**EXERCISE DESCRIPTION**
Starting with the first line of the records, write out each line exactly until you have included the line containing "Destins d'officiers : quand".

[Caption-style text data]
******************************

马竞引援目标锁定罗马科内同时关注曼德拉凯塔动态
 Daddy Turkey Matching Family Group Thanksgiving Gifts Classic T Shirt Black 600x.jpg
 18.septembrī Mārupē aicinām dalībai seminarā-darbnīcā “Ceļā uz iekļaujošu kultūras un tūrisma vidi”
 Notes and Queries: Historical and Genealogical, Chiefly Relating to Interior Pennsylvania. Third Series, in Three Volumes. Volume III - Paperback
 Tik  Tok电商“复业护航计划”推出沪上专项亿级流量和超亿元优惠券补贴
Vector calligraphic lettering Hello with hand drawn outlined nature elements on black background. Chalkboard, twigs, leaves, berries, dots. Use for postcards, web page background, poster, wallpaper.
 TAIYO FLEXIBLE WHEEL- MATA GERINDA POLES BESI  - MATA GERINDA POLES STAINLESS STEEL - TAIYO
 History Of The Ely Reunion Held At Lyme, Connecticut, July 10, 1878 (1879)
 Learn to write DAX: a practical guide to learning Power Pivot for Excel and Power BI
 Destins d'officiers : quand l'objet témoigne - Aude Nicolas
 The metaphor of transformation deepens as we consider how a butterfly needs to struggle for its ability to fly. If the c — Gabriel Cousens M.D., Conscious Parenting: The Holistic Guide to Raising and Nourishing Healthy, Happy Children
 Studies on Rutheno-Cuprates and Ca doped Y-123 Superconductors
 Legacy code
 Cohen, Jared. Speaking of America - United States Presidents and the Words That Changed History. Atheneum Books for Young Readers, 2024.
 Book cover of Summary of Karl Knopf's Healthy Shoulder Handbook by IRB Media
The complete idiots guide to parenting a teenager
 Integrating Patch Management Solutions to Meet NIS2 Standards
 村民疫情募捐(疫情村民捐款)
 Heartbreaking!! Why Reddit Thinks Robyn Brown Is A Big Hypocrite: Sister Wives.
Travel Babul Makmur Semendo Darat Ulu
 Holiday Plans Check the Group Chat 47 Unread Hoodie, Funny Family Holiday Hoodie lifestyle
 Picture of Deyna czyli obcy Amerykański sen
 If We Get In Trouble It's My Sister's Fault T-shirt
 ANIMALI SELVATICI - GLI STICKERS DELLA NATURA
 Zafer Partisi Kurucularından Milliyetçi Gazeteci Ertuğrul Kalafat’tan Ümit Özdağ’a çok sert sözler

******************************

**YOUR SOLUTION**
马竞引援目标锁定罗马科内同时关注曼德拉凯塔动态
 Daddy Turkey Matching Family Group Thanksgiving Gifts Classic T Shirt Black 600x.jpg
 18.septembrī Mārupē aicinām dalībai seminarā-darbnīcā “Ceļā uz iekļaujošu kultūras un tūrisma vidi”
 Notes and Queries: Historical and Genealogical, Chiefly Relating to Interior Pennsylvania. Third Series, in Three Volumes. Volume III - Paperback
 Tik  Tok电商“复业护航计划”推出沪上专项亿级流量和超亿元优惠券补贴
Vector calligraphic lettering Hello with hand drawn outlined nature elements on black background. Chalkboard, twigs, leaves, berries, dots. Use for postcards, web page background, poster, wallpaper.
 TAIYO FLEXIBLE WHEEL- MATA GERINDA POLES BESI  - MATA GERINDA POLES STAINLESS STEEL - TAIYO
 History Of The Ely Reunion Held At Lyme, Connecticut, July 10, 1878 (1879)
 Learn to write DAX: a practical guide to learning Power Pivot for Excel and Power BI
 Destins d'officiers : quand l'objet témoigne - Aude Nicolas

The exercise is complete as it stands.